**EXERCISE DESCRIPTION**
Using the data below, please return every line exactly as given.
^^^^^^^^^^^^^^^^
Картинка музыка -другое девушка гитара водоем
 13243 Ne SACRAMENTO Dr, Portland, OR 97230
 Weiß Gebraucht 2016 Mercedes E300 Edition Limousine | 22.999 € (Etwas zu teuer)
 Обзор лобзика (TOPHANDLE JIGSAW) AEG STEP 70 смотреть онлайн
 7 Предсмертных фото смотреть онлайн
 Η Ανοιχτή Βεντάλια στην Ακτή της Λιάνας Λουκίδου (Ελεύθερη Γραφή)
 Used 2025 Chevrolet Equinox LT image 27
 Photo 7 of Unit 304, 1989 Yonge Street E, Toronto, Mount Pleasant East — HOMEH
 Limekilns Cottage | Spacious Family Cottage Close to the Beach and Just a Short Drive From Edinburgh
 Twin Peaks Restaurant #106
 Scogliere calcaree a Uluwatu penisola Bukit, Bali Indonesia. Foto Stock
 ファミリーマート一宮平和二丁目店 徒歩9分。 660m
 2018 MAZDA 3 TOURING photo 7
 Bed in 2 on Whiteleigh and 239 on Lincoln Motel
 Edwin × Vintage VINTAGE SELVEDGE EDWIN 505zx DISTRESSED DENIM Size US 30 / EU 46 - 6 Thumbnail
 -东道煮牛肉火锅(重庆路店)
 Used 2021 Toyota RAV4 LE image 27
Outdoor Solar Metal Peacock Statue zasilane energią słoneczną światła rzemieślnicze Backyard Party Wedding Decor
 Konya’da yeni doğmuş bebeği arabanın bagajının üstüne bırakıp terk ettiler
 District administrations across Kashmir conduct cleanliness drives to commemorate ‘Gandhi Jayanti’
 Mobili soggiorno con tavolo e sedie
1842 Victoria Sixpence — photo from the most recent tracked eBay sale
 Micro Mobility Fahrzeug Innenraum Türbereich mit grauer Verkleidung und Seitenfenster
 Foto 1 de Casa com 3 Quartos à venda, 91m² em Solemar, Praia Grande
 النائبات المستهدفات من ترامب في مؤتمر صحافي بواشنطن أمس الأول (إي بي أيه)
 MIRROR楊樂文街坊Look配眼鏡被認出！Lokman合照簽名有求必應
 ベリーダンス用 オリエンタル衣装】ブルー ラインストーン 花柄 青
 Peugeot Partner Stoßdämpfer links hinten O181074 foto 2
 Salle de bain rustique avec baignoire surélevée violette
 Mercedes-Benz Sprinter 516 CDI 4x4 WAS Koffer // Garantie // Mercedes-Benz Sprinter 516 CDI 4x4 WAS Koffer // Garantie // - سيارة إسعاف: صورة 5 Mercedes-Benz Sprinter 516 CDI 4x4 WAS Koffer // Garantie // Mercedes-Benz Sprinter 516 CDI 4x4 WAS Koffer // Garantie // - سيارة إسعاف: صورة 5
^^^^^^^^^^^^^^^^
**ANSWER TO THE EXERCISE**
Картинка музыка -другое девушка гитара водоем
 13243 Ne SACRAMENTO Dr, Portland, OR 97230
 Weiß Gebraucht 2016 Mercedes E300 Edition Limousine | 22.999 € (Etwas zu teuer)
 Обзор лобзика (TOPHANDLE JIGSAW) AEG STEP 70 смотреть онлайн
 7 Предсмертных фото смотреть онлайн
 Η Ανοιχτή Βεντάλια στην Ακτή της Λιάνας Λουκίδου (Ελεύθερη Γραφή)
 Used 2025 Chevrolet Equinox LT image 27
 Photo 7 of Unit 304, 1989 Yonge Street E, Toronto, Mount Pleasant East — HOMEH
 Limekilns Cottage | Spacious Family Cottage Close to the Beach and Just a Short Drive From Edinburgh
 Twin Peaks Restaurant #106
 Scogliere calcaree a Uluwatu penisola Bukit, Bali Indonesia. Foto Stock
 ファミリーマート一宮平和二丁目店 徒歩9分。 660m
 2018 MAZDA 3 TOURING photo 7
 Bed in 2 on Whiteleigh and 239 on Lincoln Motel
 Edwin × Vintage VINTAGE SELVEDGE EDWIN 505zx DISTRESSED DENIM Size US 30 / EU 46 - 6 Thumbnail
 -东道煮牛肉火锅(重庆路店)
 Used 2021 Toyota RAV4 LE image 27
Outdoor Solar Metal Peacock Statue zasilane energią słoneczną światła rzemieślnicze Backyard Party Wedding Decor
 Konya’da yeni doğmuş bebeği arabanın bagajının üstüne bırakıp terk ettiler
 District administrations across Kashmir conduct cleanliness drives to commemorate ‘Gandhi Jayanti’
 Mobili soggiorno con tavolo e sedie
1842 Victoria Sixpence — photo from the most recent tracked eBay sale
 Micro Mobility Fahrzeug Innenraum Türbereich mit grauer Verkleidung und Seitenfenster
 Foto 1 de Casa com 3 Quartos à venda, 91m² em Solemar, Praia Grande
 النائبات المستهدفات من ترامب في مؤتمر صحافي بواشنطن أمس الأول (إي بي أيه)
 MIRROR楊樂文街坊Look配眼鏡被認出！Lokman合照簽名有求必應
 ベリーダンス用 オリエンタル衣装】ブルー ラインストーン 花柄 青
 Peugeot Partner Stoßdämpfer links hinten O181074 foto 2
 Salle de bain rustique avec baignoire surélevée violette
 Mercedes-Benz Sprinter 516 CDI 4x4 WAS Koffer // Garantie // Mercedes-Benz Sprinter 516 CDI 4x4 WAS Koffer // Garantie // - سيارة إسعاف: صورة 5 Mercedes-Benz Sprinter 516 CDI 4x4 WAS Koffer // Garantie // Mercedes-Benz Sprinter 516 CDI 4x4 WAS Koffer // Garantie // - سيارة إسعاف: صورة 5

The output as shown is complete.